My wife chose to become a stay at home mother when our first child was born a little less than 3 years ago. She eventually grew tired of her life revolving around the children and she now has a job but it does not pay well at all. She knows this as well. I feel like the only reason she hasn't left already is because she cannot afford to live on her own. Which makes me feel like a prison warden keeping her there against her will. 

She says that she loves me and that she wants it to work though. Since we had the discussion several days ago we have even been intimate nearly every day (granted, I have been doing everything I can to make her happy again). But when I asked her how she would feel if she were to see me and the kids with another woman she replied that she would be furious to see the children with another mother figure but she doesn't know that she would be upset to see me with another woman. That cut pretty deep.

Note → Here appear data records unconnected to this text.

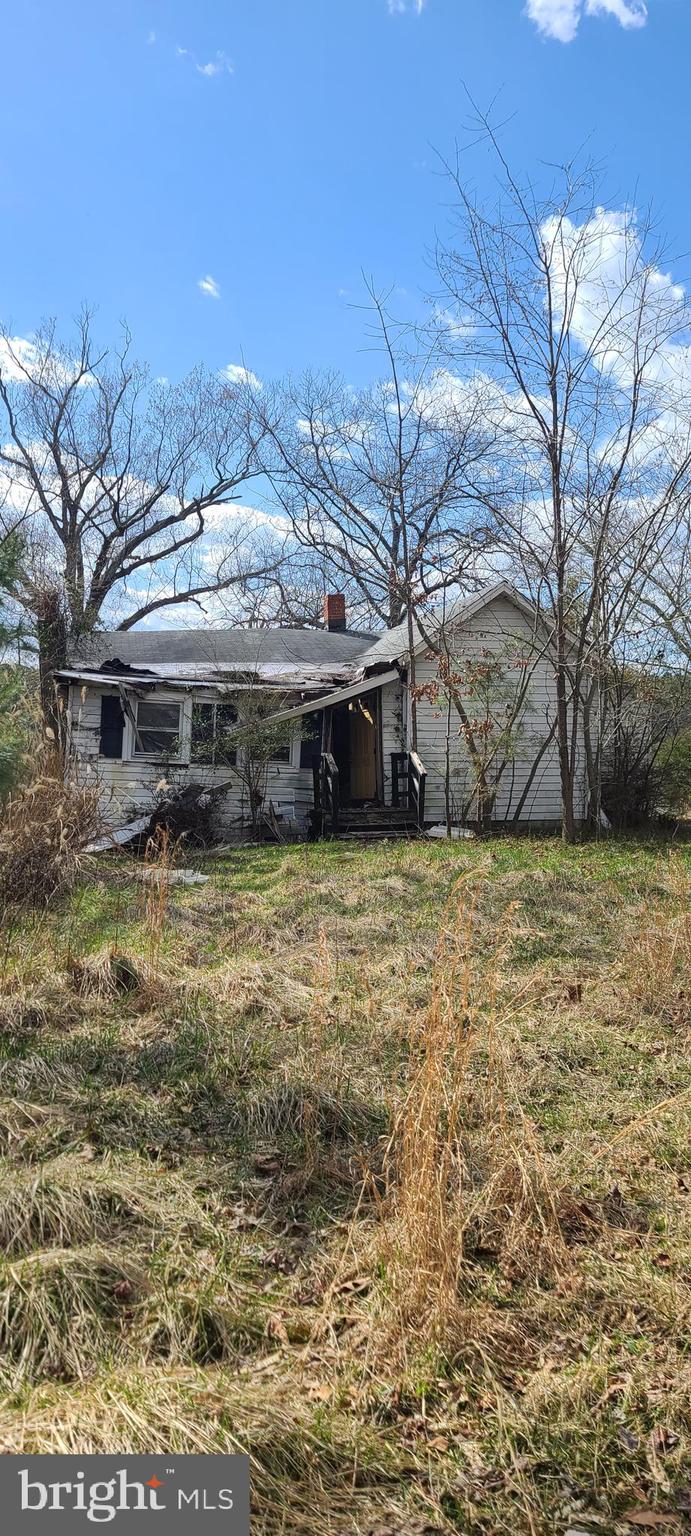 922 Skipjack Road Kinsale, VA 22488 - Photo 13 of 34 tear it down and put your retreat here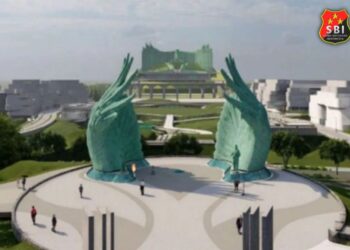 PUPR Targetkan Pembangunan Memorial Park di IKN Rampung pada 16 Agustus 2024 17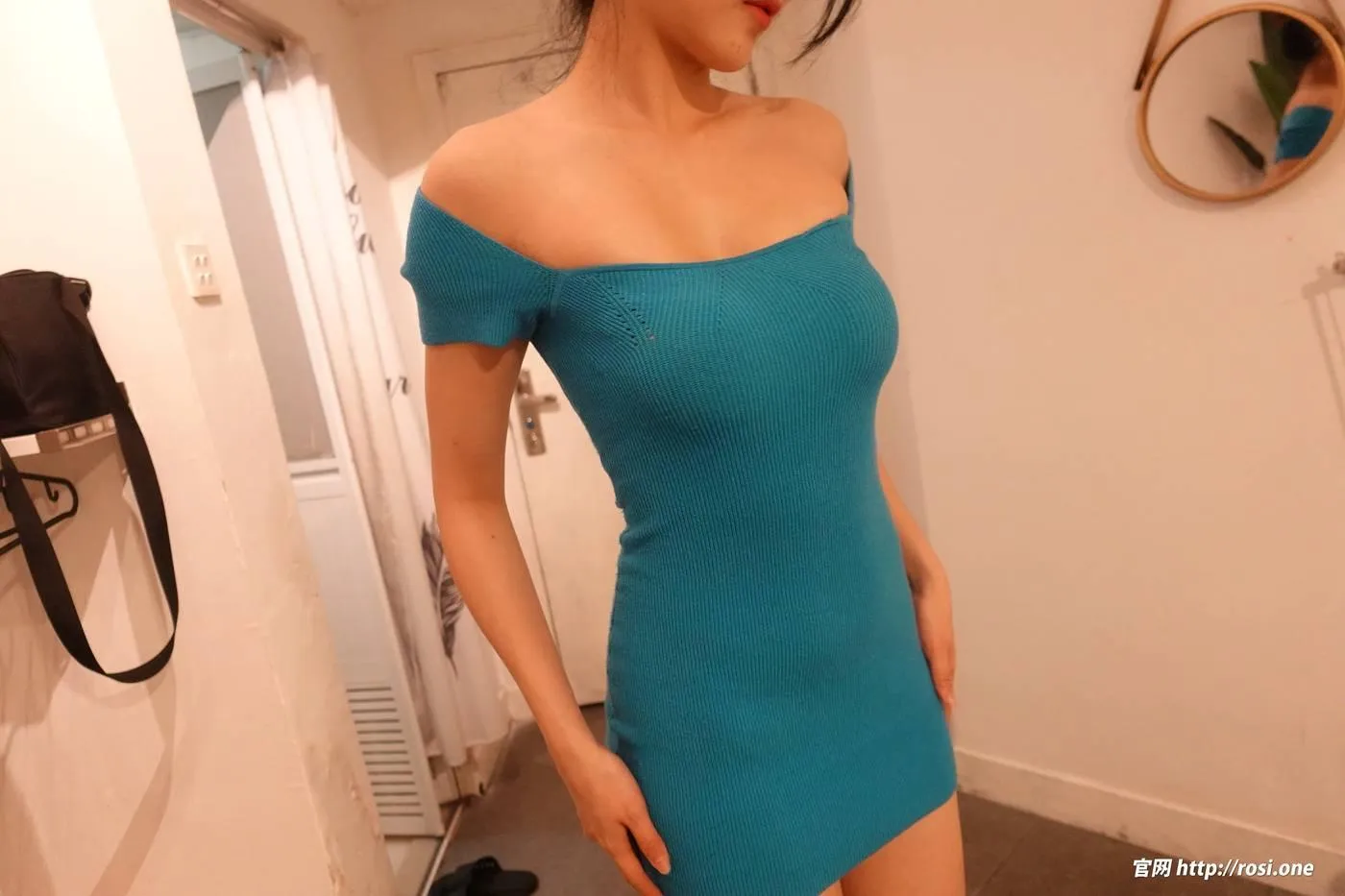 [ROSI写真]2021.12.05 NO.3653[162P]插图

I purchased a book called "The 5 Love Languages" and we are going to try to apply that so that we can both figure out a way to let the other feel the love that we have for them because that has been lacking. Hopefully along with that as well as a few behavior changes and the introduction of date nights the happiness will return.

I guess what I am wondering is are we just prolonging the inevitable? I can only speak for myself and what she tells me but I know that if I had to choose between being unhappy with her or happy without her I would choose unhappy with her. I love her that much. Because of that I'm not sure that I really could find happiness without her. Her on the other hand, she isn't sure which way she would be happier. Is it possible that she has become complacent in the fact that she is cared for and has a routine life which has caused her to become bored with it? 

I don't know...if anyone out there has gone through something similar (which I'm sure they are out there, I don't think this is that uncommon of a problem) and has some advice please pass that on. Thanks for your time


----------



## turnera (Jan 22, 2010)

Can you afford $200? That would pay for an hour of phone counseling with Dr Harley, over at marriagebuilders.com. He has an _amazing_ track record on helping couples fix their marriage. He doesn't waste time on blame or history or anything other than what changes can be made to make BOTH of you happy. It would be well worth the investment. He does 30 minutes with you and 30 minutes with your wife, and sends you 'home' with homework. I've seen marriages I'd not give two cents for, turn around after just one phone call with him (or his daughter, who also counsels).

As for figuring it out, also at marriagebuildes, you can get the Love Buster and Emotional Needs questionnaires. If you fill them out, you will have a pretty exact understanding of what each of you needs in the marriage to be happy, so you can both (hopefully) start working on it.


----------